On Monday, the administration said penalties for one class of businesses—companies with 50 to 99 employees—wouldn’t apply for an additional year. In other words, those companies have until calendar year 2016 to provide all employees with coverage. The administration on Monday also gave an extension to a second class of employers—those with at least 100 employees. But that change is a little different. Those large employers will still face penalties starting in 2015. The change is in how employers avoid the penalty. In that first year, the administration said, the employers need only make sure 70 percent of full-time workers can get company insurance. Then, by 2016, the employers must make sure 95 percent of full-time workers can get company insurance.
What’s the primary rationale? It's impossible to say. The official explanation is the same as before—the move will give companies a little extra time and flexiblity, easing the transition to the newly reformed health care system. That makes perfect sense. On the other hand, administration officials might also have other goals in mind. For example, they might be anxious about employers taking certain actions—like limiting the hours of workers, in order to avoid giving those workers health insurance. Administration economists have said they don’t see evidence this is happening on a large scale and the Congressional Budget Office just last week came to the exact same conclusion. But anecdotes of such decisions have been all over the media. (Jed Graham of Investor's Business Daily has been tracking them.) Whether or not the problem is real, it might appear real.
There's no such ambiguity about the impact of the change. It will be small.

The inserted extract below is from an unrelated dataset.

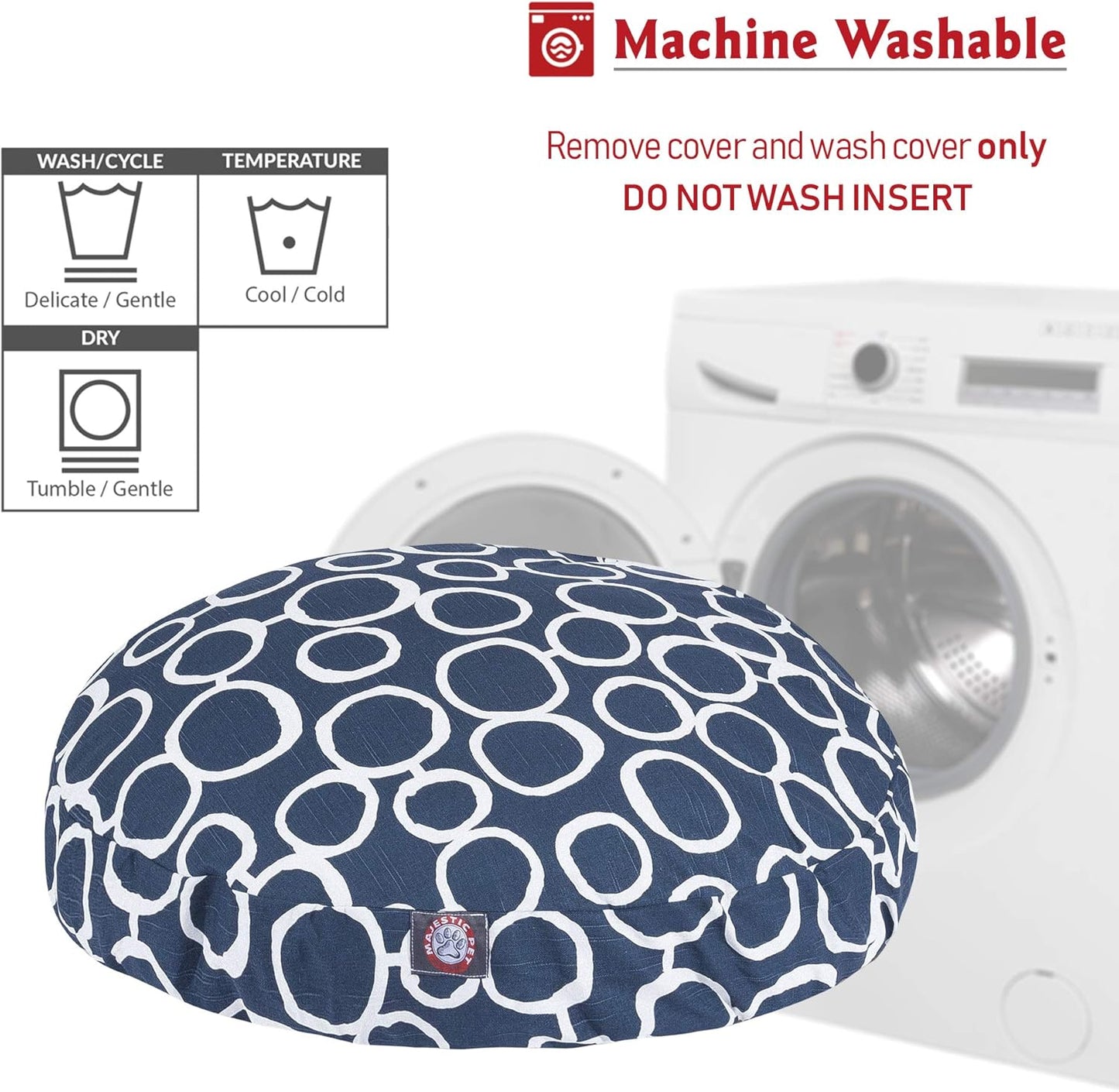 Majestic Pet Fusion Navy Small Round Pet Bed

The vast majority of large employers offer insurance already; companies with 50 to 99 employees constitute just 2 percent of employers and 7 percent of the private workforce; and companies with fewer than 50 employees were never subject to this requirement in the first place. An Urban Institute analysis published in July 2013, after the previous delay, concluded that the employer requirement "has almost no effect on overall coverage under the ACA or the distribution of that coverage across public and private sources of coverage." The primary purpose of the requirement is to raise revenue; delaying its effective date by a year or two or three simply doesn't constitute a big change of dollars. And while the requirement means some companies will be slower to extend insurance to some employees, anybody without an offer of decent insurance can get coverage through the exchanges—where, for lower-income workers, it will be cheaper anyway.
Attribute to the administration whatever motives you would like—noble, cynical, a combination of both. And if you want to curse the employer requirement altogether, you'll have plenty of company. Most economists and policy experts don't like it either. But this decision shouldn't make much difference in how many Americans ultimately get health insurance.